What Horse Riding Teaches Us About AI Adoption
My daughter climbs into the warm car, frozen after an hour of riding lessons. "Dad, cars are so much easier than horses. They don't want to go anywhere. They just always listen." She had just spent an hour on a horse that kept turning around on the track and mostly did its own thing. And you know what's bizarre? Half an hour earlier, I stood by the fence with numb fingers, scribbling in my notebook: "horses + cars => AI. What we can learn from horse riding in the adoption of AI."
The Illusion of Control
We love our cars because they're predictable. Turn the key, press the pedal, and the machine obeys. No questions asked. No resistance. It's the industrial dream: complete control through mechanical precision.
But horses? Horses have opinions. They have fears, instincts, and a mind of their own. That stubborn horse that kept turning around wasn't being difficult for the sake of it. Maybe something spooked it. Maybe the rider's signals were unclear. Maybe it was testing boundaries, as young horses do. The point is: you can't just force a horse to comply. You have to understand it, work with it, build trust.
And that's exactly where we are with AI right now.
AI Isn't a Car, It's a Horse
We're implementing AI systems with a "car mindset." We expect them to be tools that simply execute our commands. Press a button, get a result. But AI, especially modern large language models and machine learning systems, behaves more like that stubborn horse.

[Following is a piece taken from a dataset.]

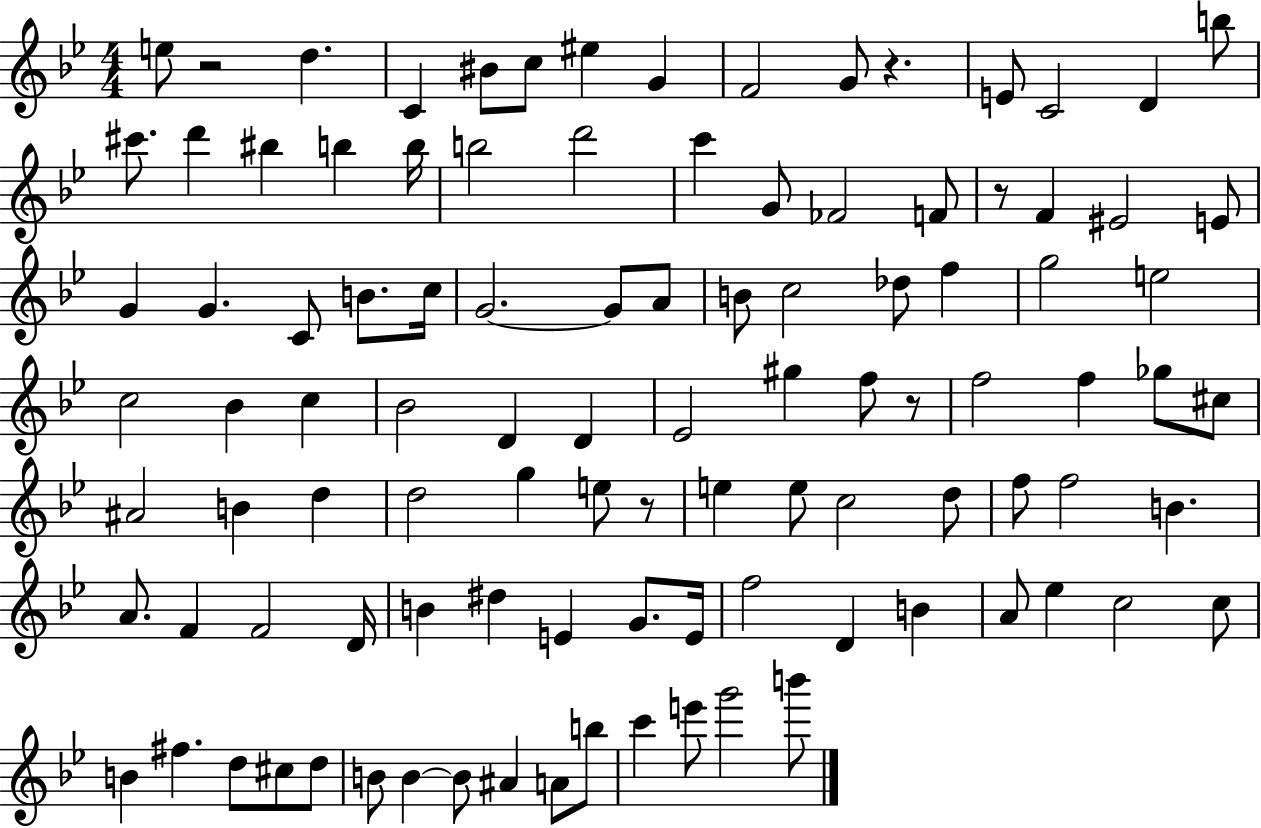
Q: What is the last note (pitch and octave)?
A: B6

AI systems have their own patterns, biases, and unexpected behaviors. They can surprise you. They can resist in ways you didn't anticipate. They can produce results that make you wonder, "Why did it do that?" And just like with horses, the answer is rarely simple disobedience. It's usually about misaligned expectations, unclear instructions, or fundamental misunderstandings about how the system actually works.
The Three Lessons from the Riding Arena
1. Resistance Is Information
When my daughter's horse kept turning around, the instructor didn't say, "That's a bad horse." She said, "What is the horse trying to tell you?" Resistance is communication.

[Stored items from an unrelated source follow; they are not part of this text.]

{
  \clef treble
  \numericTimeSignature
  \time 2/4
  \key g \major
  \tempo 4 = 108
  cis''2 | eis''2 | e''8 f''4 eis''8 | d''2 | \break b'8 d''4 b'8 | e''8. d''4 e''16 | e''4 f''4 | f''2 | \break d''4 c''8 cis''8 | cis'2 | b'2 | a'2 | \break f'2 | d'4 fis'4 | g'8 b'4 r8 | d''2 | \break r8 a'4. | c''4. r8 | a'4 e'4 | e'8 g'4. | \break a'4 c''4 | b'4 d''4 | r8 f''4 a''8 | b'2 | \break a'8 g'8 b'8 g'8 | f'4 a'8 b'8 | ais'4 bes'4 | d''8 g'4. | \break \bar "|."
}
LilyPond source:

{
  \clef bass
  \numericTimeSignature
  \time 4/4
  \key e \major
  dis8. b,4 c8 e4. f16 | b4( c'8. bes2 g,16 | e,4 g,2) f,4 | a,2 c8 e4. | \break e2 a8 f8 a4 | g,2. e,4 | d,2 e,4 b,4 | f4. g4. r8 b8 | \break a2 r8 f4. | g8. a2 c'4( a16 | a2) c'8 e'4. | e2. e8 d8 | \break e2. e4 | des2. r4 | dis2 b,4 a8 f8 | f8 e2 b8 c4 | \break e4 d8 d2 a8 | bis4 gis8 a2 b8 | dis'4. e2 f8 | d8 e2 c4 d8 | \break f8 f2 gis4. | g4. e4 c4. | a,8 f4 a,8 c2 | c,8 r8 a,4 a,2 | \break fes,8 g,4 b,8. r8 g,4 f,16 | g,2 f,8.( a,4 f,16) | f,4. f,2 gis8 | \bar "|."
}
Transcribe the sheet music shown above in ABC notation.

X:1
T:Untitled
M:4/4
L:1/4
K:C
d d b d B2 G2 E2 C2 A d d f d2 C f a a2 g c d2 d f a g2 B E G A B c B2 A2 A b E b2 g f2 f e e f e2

In AI adoption, when a system doesn't work as expected, our first instinct is often to blame the technology. "The AI is broken." "It doesn't understand." But more often, the resistance is information. The model is revealing biases in your training data. The chatbot is exposing gaps in your documentation. The recommendation system is showing you that your assumptions about user behavior were wrong.

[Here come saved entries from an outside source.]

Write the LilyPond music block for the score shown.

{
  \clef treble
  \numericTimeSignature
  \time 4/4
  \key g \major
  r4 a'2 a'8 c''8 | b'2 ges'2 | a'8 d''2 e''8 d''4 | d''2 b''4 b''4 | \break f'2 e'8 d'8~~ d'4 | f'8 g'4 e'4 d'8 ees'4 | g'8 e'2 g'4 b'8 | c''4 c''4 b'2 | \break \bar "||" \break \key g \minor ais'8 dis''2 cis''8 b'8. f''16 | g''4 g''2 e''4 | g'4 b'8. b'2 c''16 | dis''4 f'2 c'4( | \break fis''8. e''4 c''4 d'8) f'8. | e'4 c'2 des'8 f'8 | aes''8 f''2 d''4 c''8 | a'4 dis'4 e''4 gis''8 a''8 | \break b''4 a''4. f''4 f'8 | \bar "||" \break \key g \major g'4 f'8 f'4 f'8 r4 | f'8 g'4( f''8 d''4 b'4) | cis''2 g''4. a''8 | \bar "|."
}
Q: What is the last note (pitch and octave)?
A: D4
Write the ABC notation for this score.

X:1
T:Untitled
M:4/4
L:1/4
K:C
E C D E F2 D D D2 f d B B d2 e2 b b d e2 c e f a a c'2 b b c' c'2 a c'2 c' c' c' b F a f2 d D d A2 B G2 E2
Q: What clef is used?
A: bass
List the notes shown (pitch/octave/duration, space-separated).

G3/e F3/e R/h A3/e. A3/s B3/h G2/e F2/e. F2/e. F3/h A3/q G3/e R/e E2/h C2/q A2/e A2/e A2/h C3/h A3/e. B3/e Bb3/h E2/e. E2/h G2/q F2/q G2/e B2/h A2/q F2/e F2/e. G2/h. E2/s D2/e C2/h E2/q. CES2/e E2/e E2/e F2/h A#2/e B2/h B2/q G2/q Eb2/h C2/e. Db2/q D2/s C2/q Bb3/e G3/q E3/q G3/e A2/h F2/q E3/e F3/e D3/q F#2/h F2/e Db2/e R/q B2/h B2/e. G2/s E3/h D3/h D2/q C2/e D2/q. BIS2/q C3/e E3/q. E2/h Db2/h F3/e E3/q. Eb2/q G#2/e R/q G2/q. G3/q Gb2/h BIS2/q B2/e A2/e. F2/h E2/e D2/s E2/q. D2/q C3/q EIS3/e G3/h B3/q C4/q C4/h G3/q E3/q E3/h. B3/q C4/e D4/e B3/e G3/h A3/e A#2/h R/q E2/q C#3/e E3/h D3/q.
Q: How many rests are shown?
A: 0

Don't fight the resistance. Listen to it.
2. Trust Takes Time
You can't rush trust with a horse. It takes consistent, patient interaction. Clear communication. Proving yourself reliable. The same applies to AI adoption in organizations.
Teams won't trust AI systems overnight, especially when those systems are making decisions that affect their work, their customers, or their reputation. And they shouldn't. Trust must be earned through transparency, consistent performance, and clear understanding of limitations.
The organizations succeeding with AI aren't the ones forcing adoption through mandates. They're the ones investing in education, running careful pilots, celebrating small wins, and being honest about failures. They're building trust, one interaction at a time.
3. Partnership Over Control
The best riders don't dominate their horses. They partner with them. They learn to read subtle signals, adjust their approach, and work with the animal's natural instincts rather than against them.
The best AI implementations follow the same principle. Instead of trying to automate everything and remove humans from the loop, successful organizations are finding the sweet spot: AI augmenting human judgment, not replacing it. Humans providing context and ethical oversight, AI providing speed and pattern recognition.
This isn't about control. It's about collaboration.
The Path Forward
Standing by that fence with cold fingers, watching a young rider struggle with a stubborn horse, I realized something important: we're at the beginning of a long learning curve with AI. Just as humanity spent thousands of years learning to work with horses before we invented cars, we're now learning to work with AI.
The organizations that will thrive aren't the ones treating AI like a simple tool to be controlled. They're the ones approaching it with the wisdom of horse trainers: patience, observation, respect for the system's complexity, and a commitment to partnership over domination.
My daughter eventually got that horse moving in the right direction. Not by pulling harder on the reins, but by adjusting her posture, clarifying her signals, and building a moment of understanding with the animal. That's the lesson.
AI adoption isn't about forcing compliance. It's about building understanding, earning trust, and learning to work together with systems that are far more complex than we initially imagined.
And unlike cars, that complexity isn't a bug. It's a feature. It's what makes these systems powerful enough to be worth the effort.
Now if you'll excuse me, I need to warm up my fingers and update my notebook. There's more to learn from that riding arena than I thought.